At least, Sarah thought, she wasn’t the only one at the police station in a Dirndl, though hers was the only one with a side seam busted open. She counted a half dozen people in ball costumes, two of them in handcuffs, singing a spirited version of “Das Schönste auf der Welt” at the top of their lungs. The officer who was transcribing Sarah’s statement looked up at the serenaders, frowned, then informed Sarah that the song was a fine one if sung properly, in tune.

Well, she had definitely arrived in Vienna.

There had been quite a scene with the police. After Sarah had explained to the officers what she was doing in the lab and they had holstered their guns, one officer had been dispatched to collect Alessandro from the Platz. By then, Nina Fischer had arrived.

It was Nina who had sent the police to the lab. Bettina Müller, it seemed, had phoned Nina in a panic, saying she had gotten a text from a blocked number telling her that her laboratory had been broken into.

“But she couldn’t come herself,” Nina explained. “Because she was already on a train.”

Sarah, Nina, and Alessandro were all taken to the station to make statements. They filled out form after form, repeating all their information, and signing reports. Neither the Polizei nor Nina was able to reach Bettina Müller, who, by the end of the evening, was under suspicion of having stolen her own laptop from herself..

“Perhaps she is not getting phone reception on the train,” Nina offered, outside the police station.

“Do you know where she lives?” Sarah asked. “I’m sorry. I’m really not a crazy stalker. It’s just that I urgently need to speak with her. She did invite me to the lab tonight. . . .” If she had even sent that message.

“I don’t.” Nina raked her fingers through her pink hair. “Somewhere near the Naschmarkt, I think. She always breakfasts there. Shit. But, look, she should be back by Friday at the latest. That’s when our team always meets. And there is a concert that night, at the Konzerthaus. She never misses when Kapellmeister Schmitt is conducting.”

“I’ll stay till then,” Sarah said, frustrated. “Maybe she’ll be back in touch.”

Sarah headed to the Naschmarkt, feeling melancholy, which wasn’t helped by a drizzle of cold rain. She ordered a Melange, the Austrian equivalent of a latte, and a Topfengolatsche, which was Austrian for “You have gone to pastry heaven. You’re welcome.” Sugar inspired, Sarah wondered if maybe Nina Fischer knew of any similar work to Bettina’s being done somewhere else. Sarah thought she had run down every other avenue when she was in Boston, but maybe . . .

Her phone beeped.

I had to leave. My life is in danger.

What the hell?

Dr. Müller? Sarah texted back. Where are you? And how do I know this is you?

After a moment, her phone beeped again. There was a photo of her own cover letter on Pols’s medical records. Then another message.

I can help your friend.

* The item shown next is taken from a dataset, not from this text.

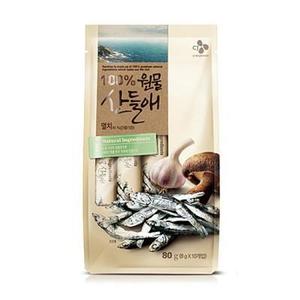 CJ 원물산들애멸치80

Will you help me?

Sarah strode through the Naschmarkt, searching the stalls for a glimpse of Bettina. Had she not left town after all? Was she following Sarah? What game was this woman playing? Another message arrived.

There is something in the refrigerator of my apartment that must be returned. Use maximum discretion. No police.

Whatever was in the refrigerator, Sarah was guessing it wasn’t leftovers.

What is it? And who do I return it to?

But the return message read only: Paniglgasse 18. The concierge will let you in. Tell no one or I will not help you.

How do I know YOU WILL HELP ME? Sarah texted furiously. This wasn’t what she had imagined would happen in Vienna. This wasn’t how scientists operated. . . . This was as bad as fucking Prague!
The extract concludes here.